**DATA**
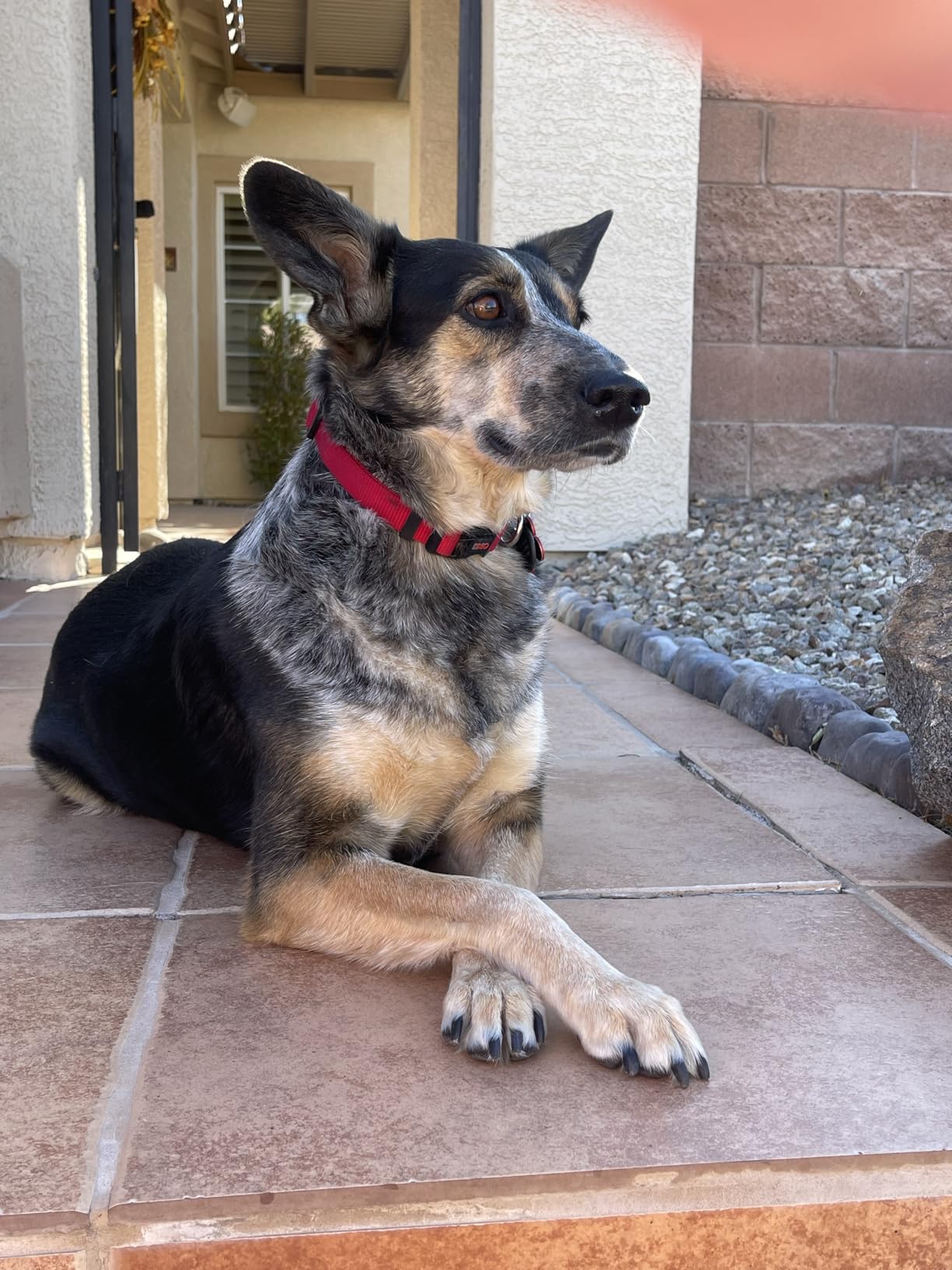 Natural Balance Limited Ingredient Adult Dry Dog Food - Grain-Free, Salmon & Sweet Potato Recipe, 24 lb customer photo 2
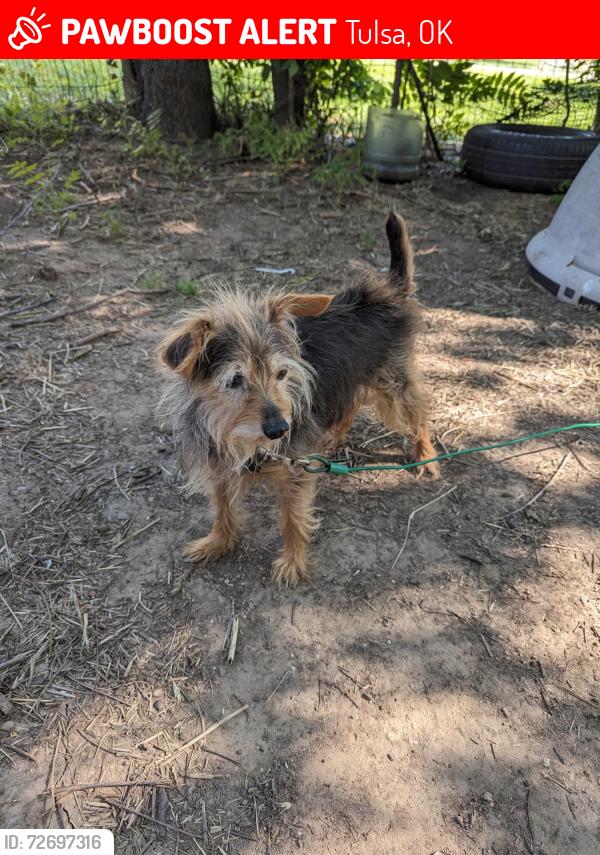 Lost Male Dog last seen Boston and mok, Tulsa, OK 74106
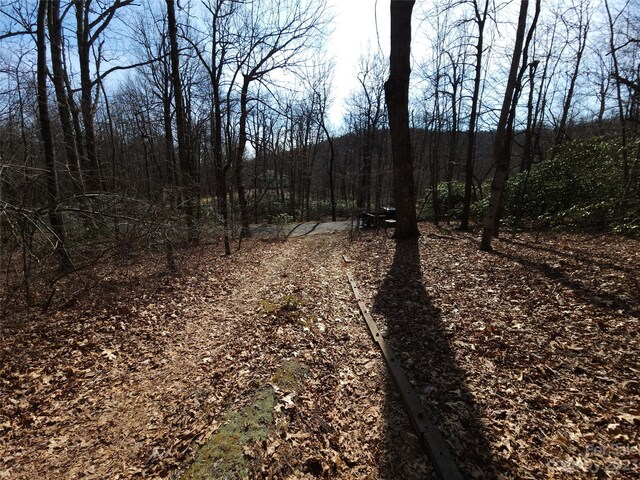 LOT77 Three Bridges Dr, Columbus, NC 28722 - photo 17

**WORK INSTRUCTIONS**
With the pictures left out, output exactly the lines from the one with "Lost Male Dog" through the end of the listing above, both ends included.

**OUTPUT FOR THIS TASK**
 Lost Male Dog last seen Boston and mok, Tulsa, OK 74106
 LOT77 Three Bridges Dr, Columbus, NC 28722 - photo 17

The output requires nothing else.